## A simple one hidden layer neural net example

Start the program

In [None]:
#import py_compile
#py_compile.compile('rbm_classic.py')


print "Starting program"

### Start of mnist data setup

Import the needed modules and load the data.

In [None]:
# Import needed modules
import numpy
import theano
import theano.tensor as T
rng = numpy.random
import os
import gzip
import cPickle

try:
    import PIL.Image as Image
except ImportError:
    import Image
from utils import tile_raster_images

print "Looking for mnist data"

#############
# LOAD DATA #
#############
dataset = 'mnist.pkl.gz' 

# Download the MNIST dataset if it is not present
data_dir, data_file = os.path.split(dataset) 

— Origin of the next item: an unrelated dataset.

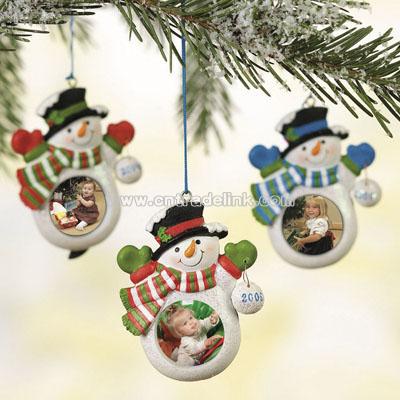 Snowman Photo Frame Ornaments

# If the file does not exist and there was no data_dir specified
if not os.path.isfile(dataset) and data_dir == "":
    print "File %s not found" %dataset
    print "Looking in data directory"
    # Check if dataset is in the data directory.
    new_path = os.path.join(
        os.getcwd(),
        "Python",
        "data",
        "mnist",
        dataset
    )
    dataset = new_path

# If the dataset had a data_dir or we added the standard
# data directory, look for the file there
if not os.path.isfile(dataset):
    print "File %s not found" %dataset
    print "Downloading mnist file from web"
    # If the file is still not found, 
    # we download a copy
    import urllib
    origin = (
        'http://www.iro.umontreal.ca/~lisa/deep/data/mnist/mnist.pkl.gz'
    )
    print 'Downloading data from %s' % origin
    urllib.urlretrieve(origin, dataset)
else:
    # If we find the file, we notify the user
    print "File %s found" %dataset

print '... loading data'
# Load the dataset
f = gzip.open(dataset, 'rb')
train_set, valid_set, test_set = cPickle.load(f)
f.close()
print '... data loaded'

#train_set, valid_set, test_set format: tuple(input, target)
#input is an numpy.ndarray of 2 dimensions (a matrix)
#witch row's correspond to an example. target is a
#numpy.ndarray of 1 dimensions (vector)) that have the same length as
#the number of rows in the input. It should give the target
#target to the example with the same index in the input.


start_training   = 0
start_validation = 0
start_testing    = 0

train_set_x, train_set_y = train_set

valid_set_x, valid_set_y = valid_set

test_set_x,  test_set_y  = test_set

### End of mnist or other data setup

Assign names to the different sets of data

In [None]:
Train = (train_set_x)

Valid = (valid_set_x)
Test =  (test_set_x)

Define training rate and number of training steps.
The training rate defines how fast we move towards
minimising the error (too large a training rate can make
the algorithm overshoot the minimum and never achieve stability).
The number of training steps define after how many steps we 
stop training our network.

In [None]:
#training rate
#tr_rate = 0.01
# number of epochs
#epochs = 10
# number of neurons in hidden layer

neuron = 10
nhidden = neuron*neuron

Declare the symbolic variables.
x will represent the input, i.e. a matrix of random numbers of size feats for each example (this is the D[0] entry defined above.
y will represent the output, i.e. whether the example belongs to class 0 or class 1

In [None]:
feats = Train.shape[1]

# Declare Theano symbolic variables
x = T.matrix("x")

Define the vector of weights and the bias.
There are num_classes weights associated to each feature, where the output is num_classes neurons.
There are num_classes biases since there are num_classes output neurons.
The weights are randomly initialised, the biases can be initialised to 0.0 or a small value.

In [None]:
# Weights of the network
w = theano.shared(rng.normal(0, 1, (feats, nhidden)), borrow = True)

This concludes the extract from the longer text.